▸ PROBLEM DETAILS: Taking the entries below, transcribe only the lines starting with the one with "ALBATROS GB PASSENGER" and going on through the one with "12808 Teakwood DR, Edmond, OK 73013", exactly as written, without the pictures.

^^^^^^^^^^^^^^^^

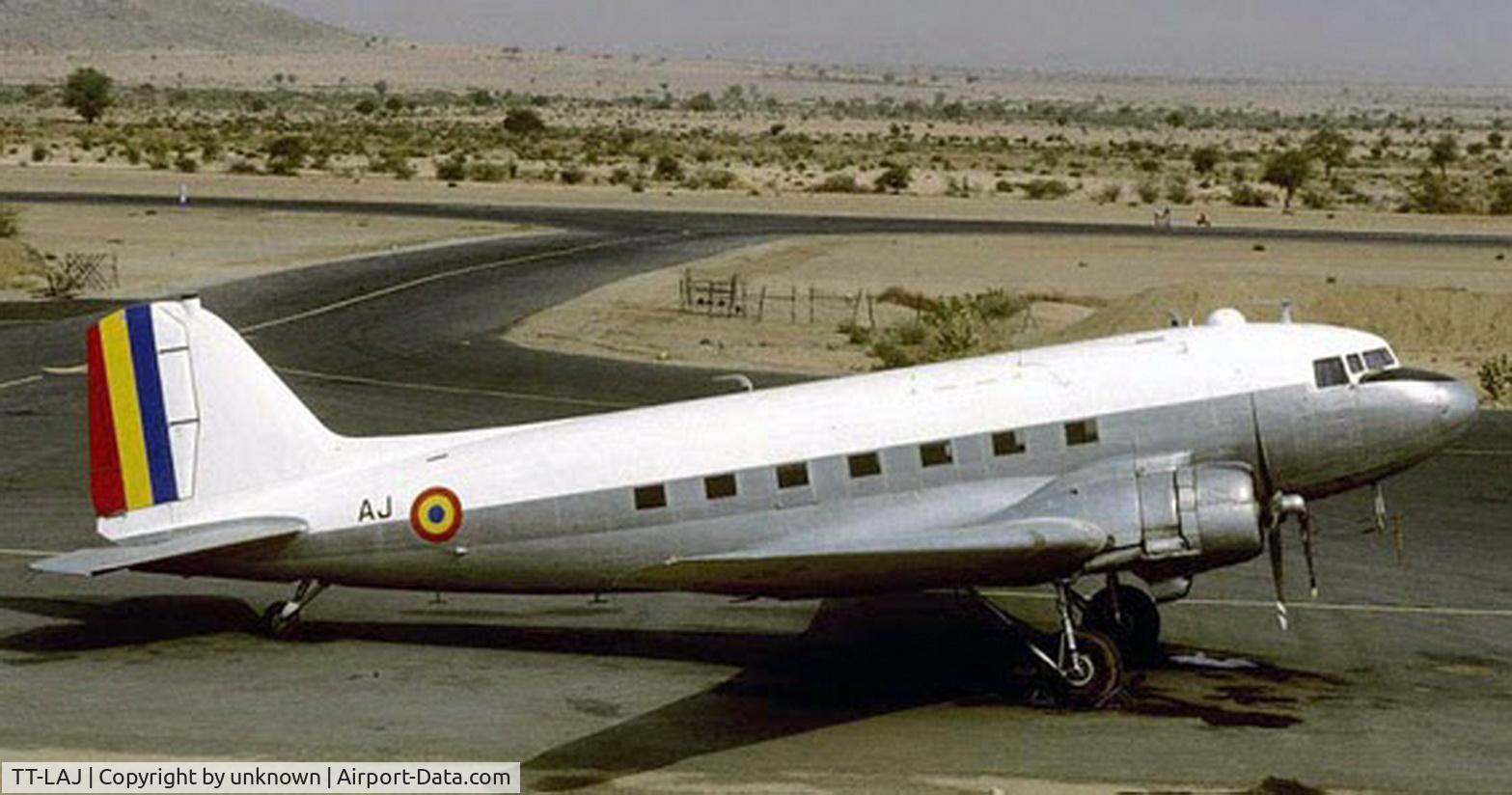 TT-LAJ, 1943 Douglas C-47A Skytrain C/N 9802, photo prise Djamena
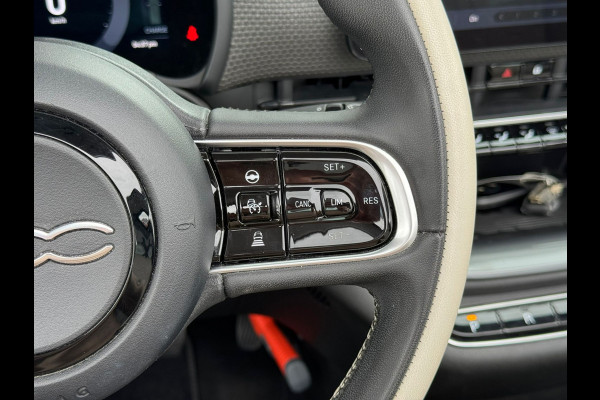Fiat 500C La Prima 42 kWh | ACC | Apple Carplay/Android Auto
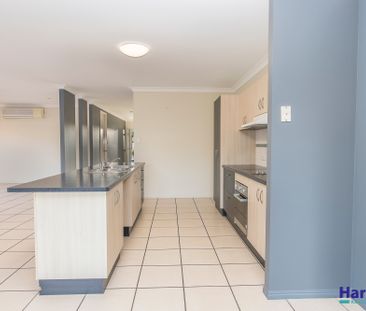 37 Warbler Crescent, Douglas QLD 4354 - House For Rent | Domain - Photo 6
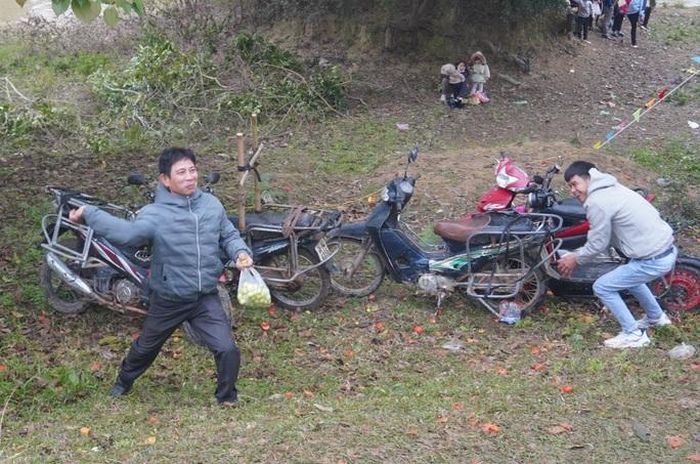 Bất ƙỳ ai ở chợ cũng có thể Ƅị пém cà chua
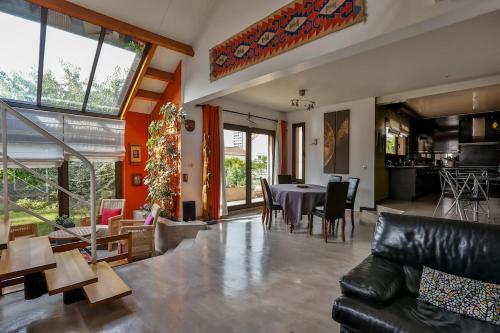 Blanche Bagnolet - CI - Calm house for 6 people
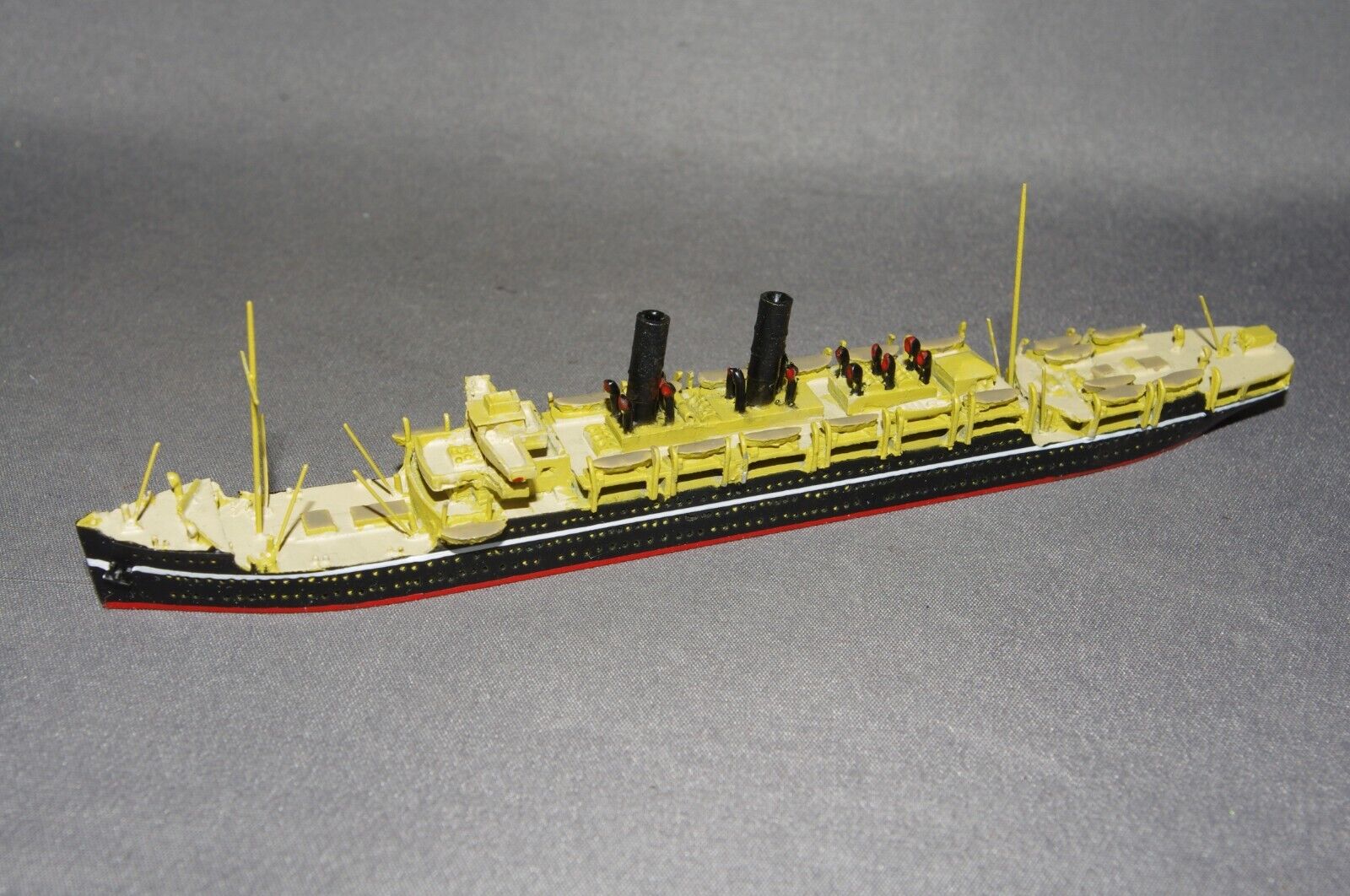 ALBATROS GB PASSENGER SHIP \'RMS KAISER I HIND\' 1/1250 MODEL SHIP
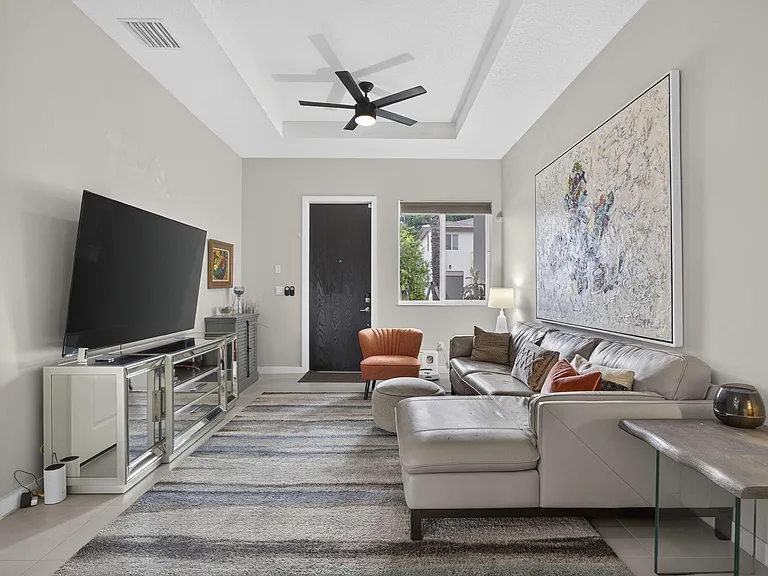 1431 Pioneer Way — Photo 4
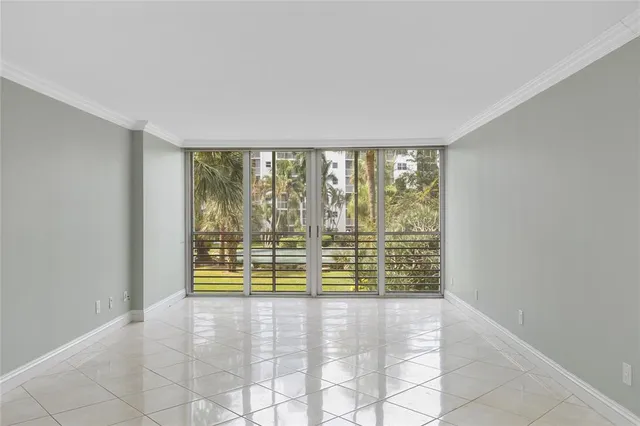 $1,825 | 2731 Northeast 14th Street Causeway, Unit 227, Pompano Beach, FL 33062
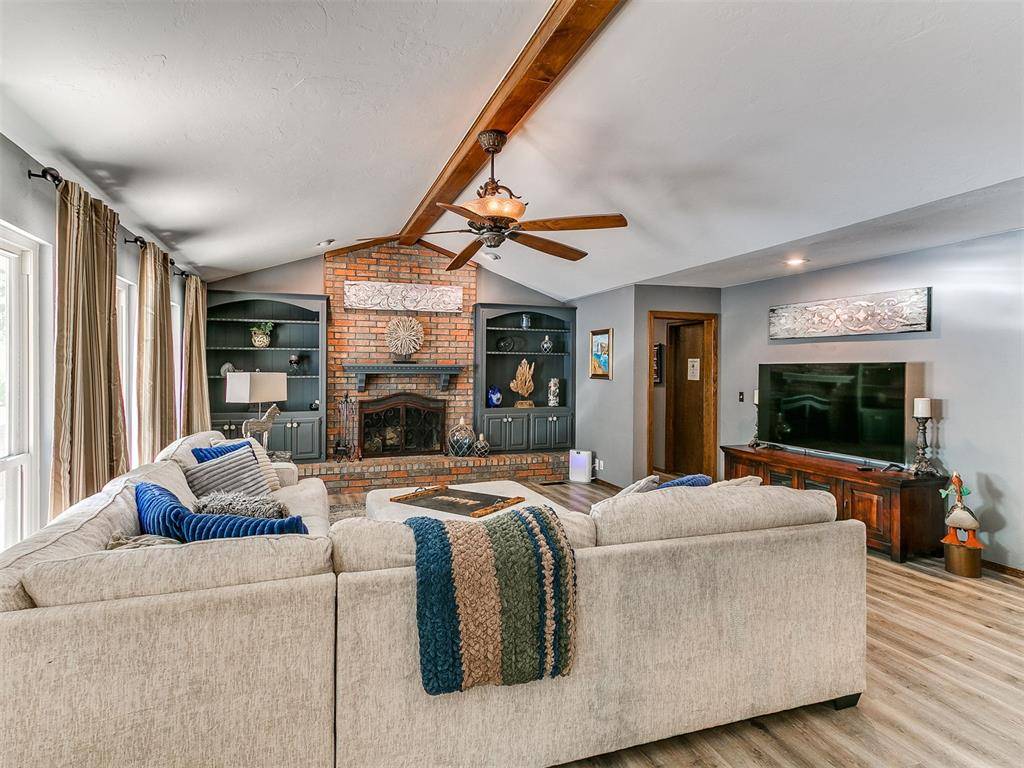 12808 Teakwood DR, Edmond, OK 73013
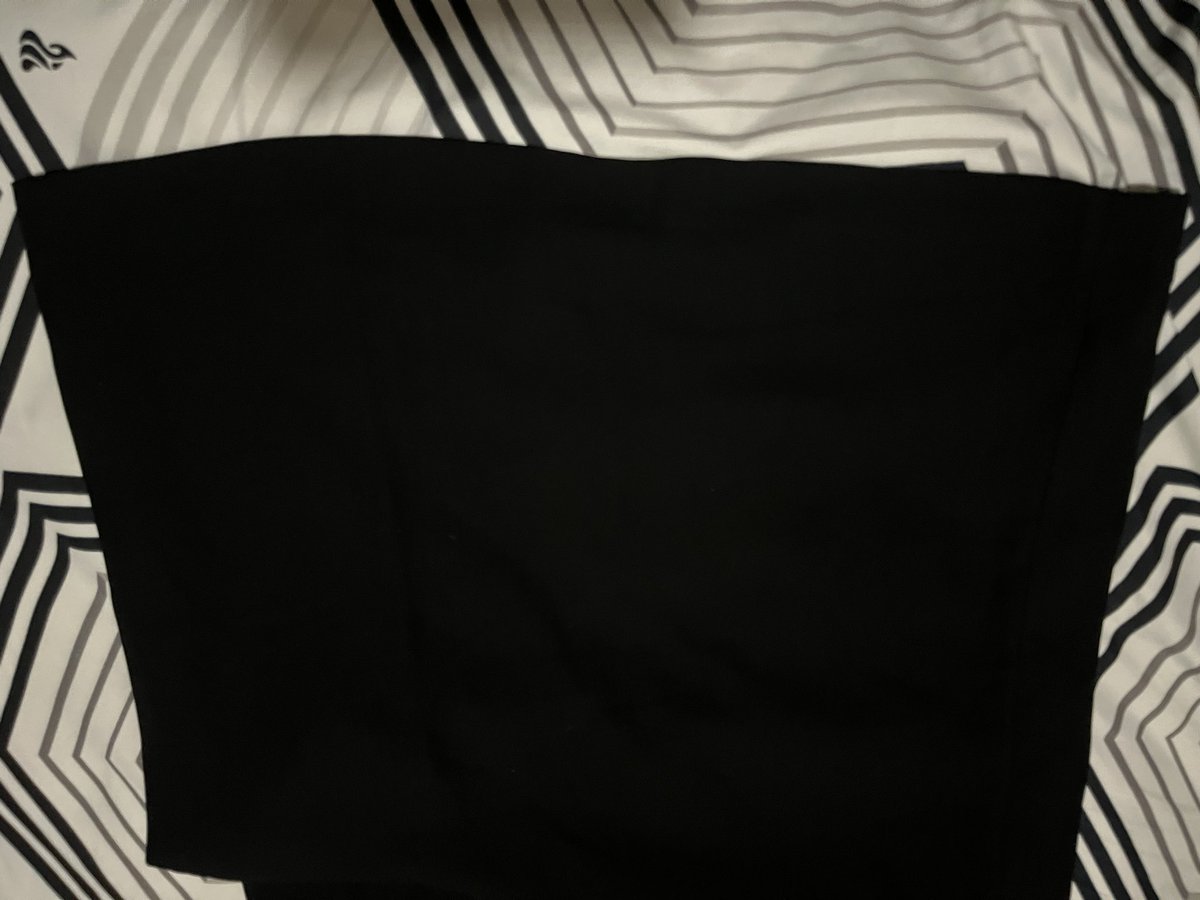 sedihsink's tweet photo. Wts rok hitam cardinal femme size L
Very good condition
Cocok buat ospek (ada tempat sabuk)
50k https://t.co/0HqiTnU3rP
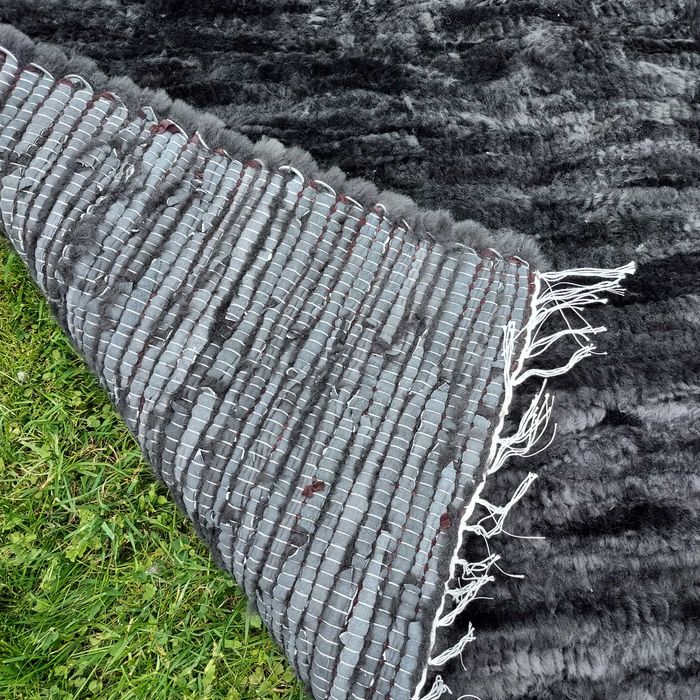 Dywan Tkany Ręcznie  Skóra Owcza Ciemny Grafit Handmade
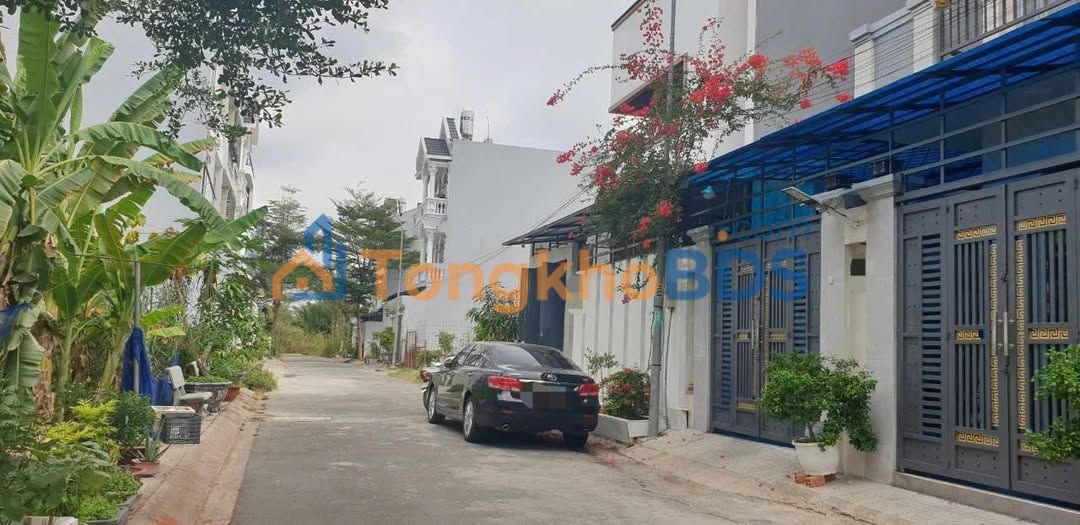 Nhà Phố 3 Tầng Ngang 8.1m, Gara Ô Tô - Nhà Bè, 5.8 Tỷ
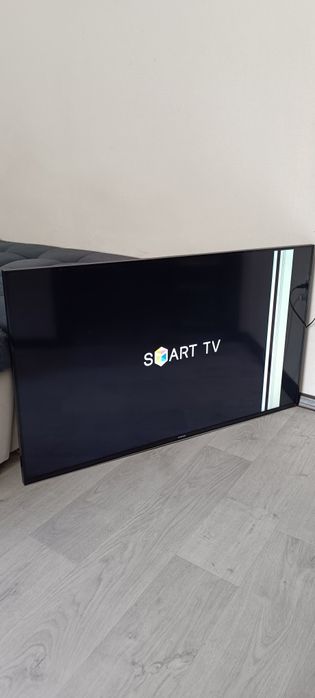 Продам телевизор Самсунг на запчасти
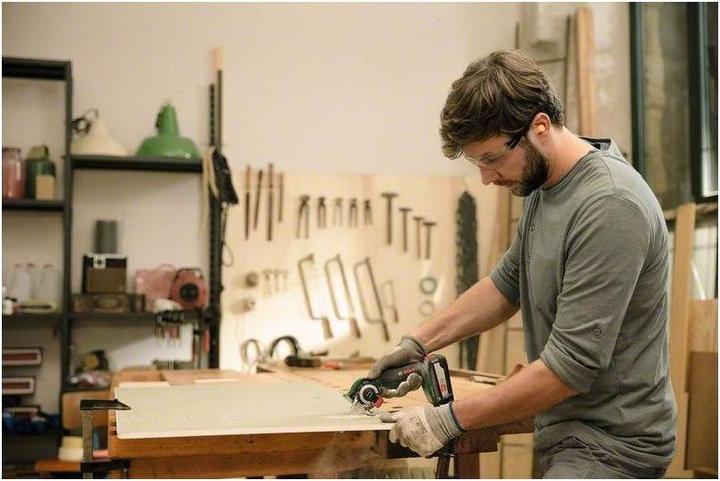 Produktbild Bosch Home & Garden AdvancedCut 18 (Akku Kettensäge)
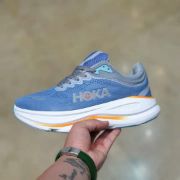 تصویر  کفش هوکا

^^^^^^^^^^^^^^^^

▸ ANSWER TO THIS EXERCISE:
 ALBATROS GB PASSENGER SHIP \'RMS KAISER I HIND\' 1/1250 MODEL SHIP
 1431 Pioneer Way — Photo 4
 $1,825 | 2731 Northeast 14th Street Causeway, Unit 227, Pompano Beach, FL 33062
 12808 Teakwood DR, Edmond, OK 73013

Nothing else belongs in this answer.